TASK - After locating the line that contains "Bandeja entrenamiento cachorros", quote it and all lines after it through the end of the entries, and nothing more. Pictures stay out.

INPUT -
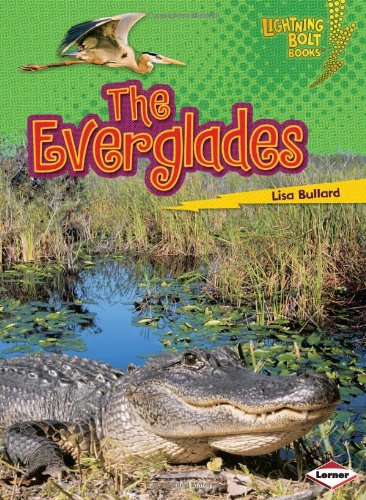 The Everglades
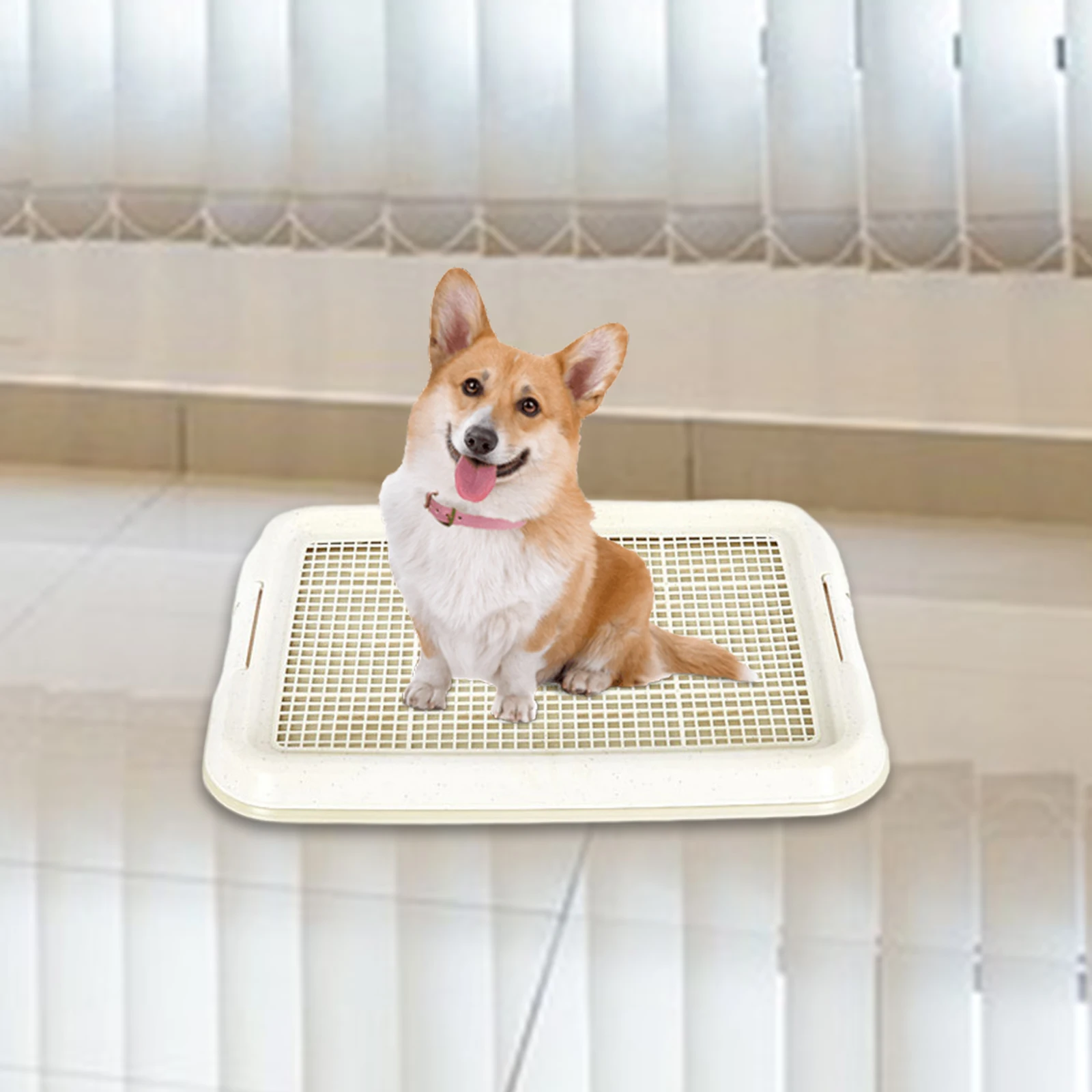 Bandeja entrenamiento cachorros con soporte para almohadillas – 47x35 cm - imagen 5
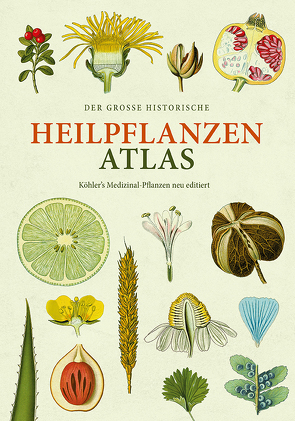 Der große Heilpflanzen-Atlas von Köhler,  Hermann Adolph, Tackenberg,  Dr. Oliver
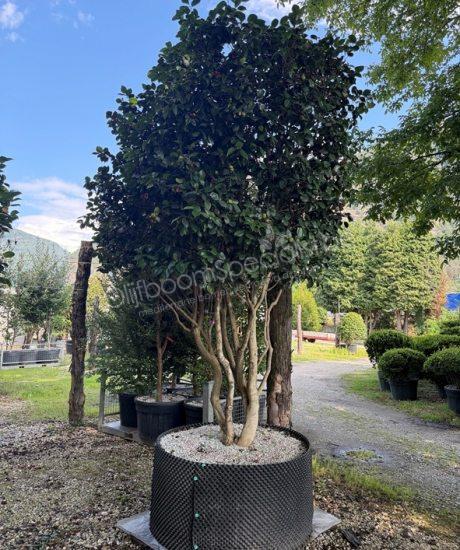 Camellia japonica meerstammig kopen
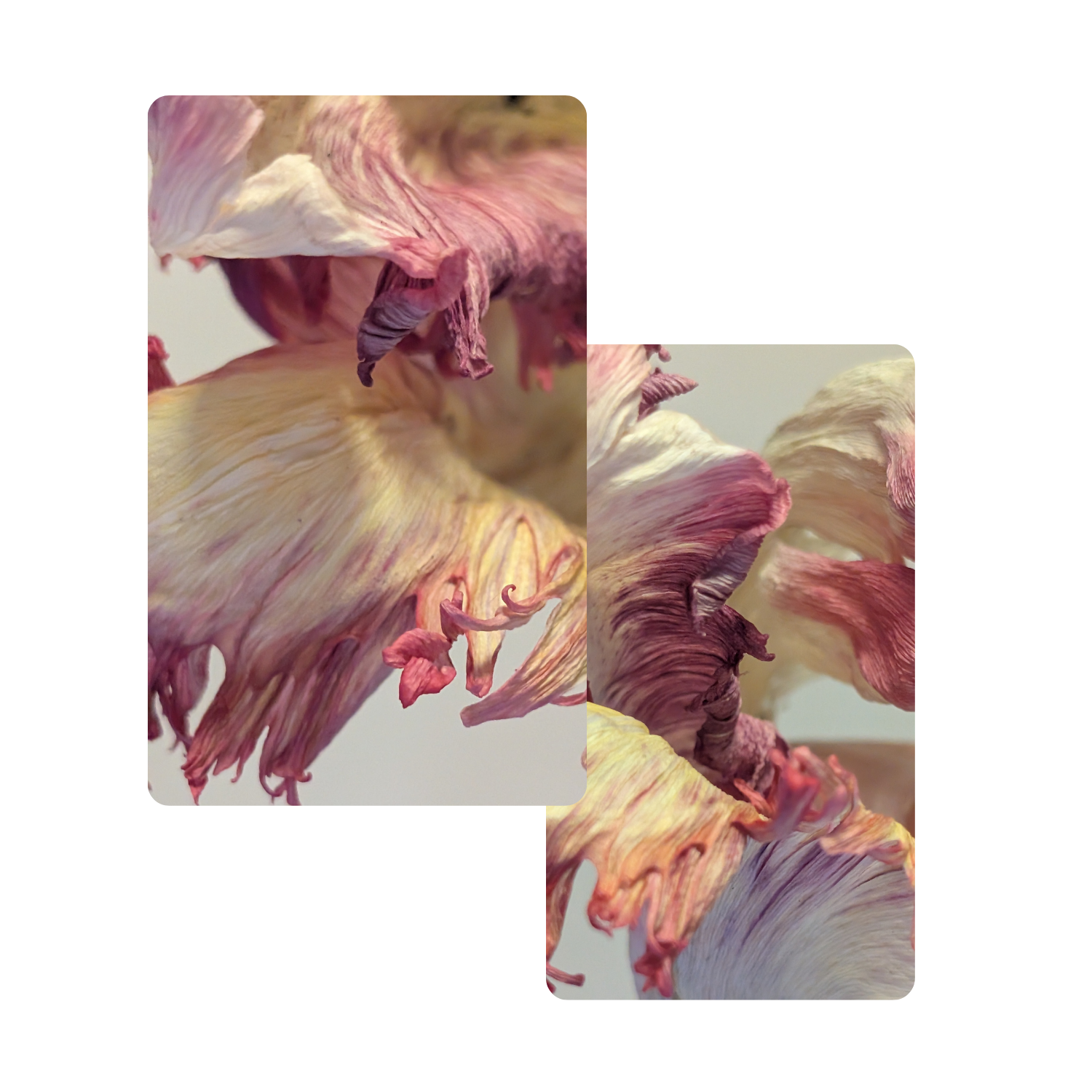 Close-up of dried, wilted, multicolored flower petals with pink, cream, and purple hues.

SOLUTION TO THIS EXERCISE -
 Bandeja entrenamiento cachorros con soporte para almohadillas – 47x35 cm - imagen 5
 Der große Heilpflanzen-Atlas von Köhler,  Hermann Adolph, Tackenberg,  Dr. Oliver
 Camellia japonica meerstammig kopen
 Close-up of dried, wilted, multicolored flower petals with pink, cream, and purple hues.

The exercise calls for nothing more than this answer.